Steven Pressfield wrote about something similar in Nobody Wants to Read Your Sh*t:
When you as a writer carry over and apply this mode of thinking to other fields, say the writing of novels or movies or nonfiction, the first question you ask yourself at the start of any project is, “What’s the concept?”
He describes it as concept and subtext seems to be concept applied to jokes.
Let me try finding subtext to a joke. I went to a Chuck Klosterman talk today and he re-told a Mitch Hedburg joke. Someone asked if we should still be motivated looking for answers if we’ll probably be very wrong anyway.
You shouldn’t just stop because you know the ending will be bad. It’s like one of Mitch Hedburg’s jokes.
“Why do you drink, Dont you know you’ll get a hangover?”
“Yeah. At the end.”
It’d be like not eating apples because you know there’s a core.
How much can an ending really ruin the rest of the journey? Lost fans might chime in here.
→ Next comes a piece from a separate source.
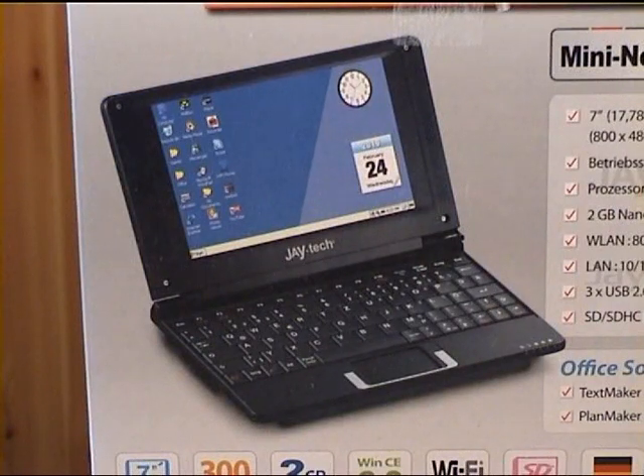Now here is something interesting. This is a mini netbook that I got at a local supermarket for 88 euro. Believe it or not, a laptop for 88 euro.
The subtext is that people rarely consider consequences. Well, they do, but it’s hard to have the right perspective in comparing experiences if one is happening right now and the other is later on. Would anyone drink if the cost was having the headache before drinking?
Well, yes. Probably. Bad example.
Maybe the subtext is simply that people love alcohol.
What other jokes come from the consequences subtext? What’s worth doing something horrible for?
It’s the opposite of exercising, where you intentionally feel like garbage to feel better the entire rest of the time.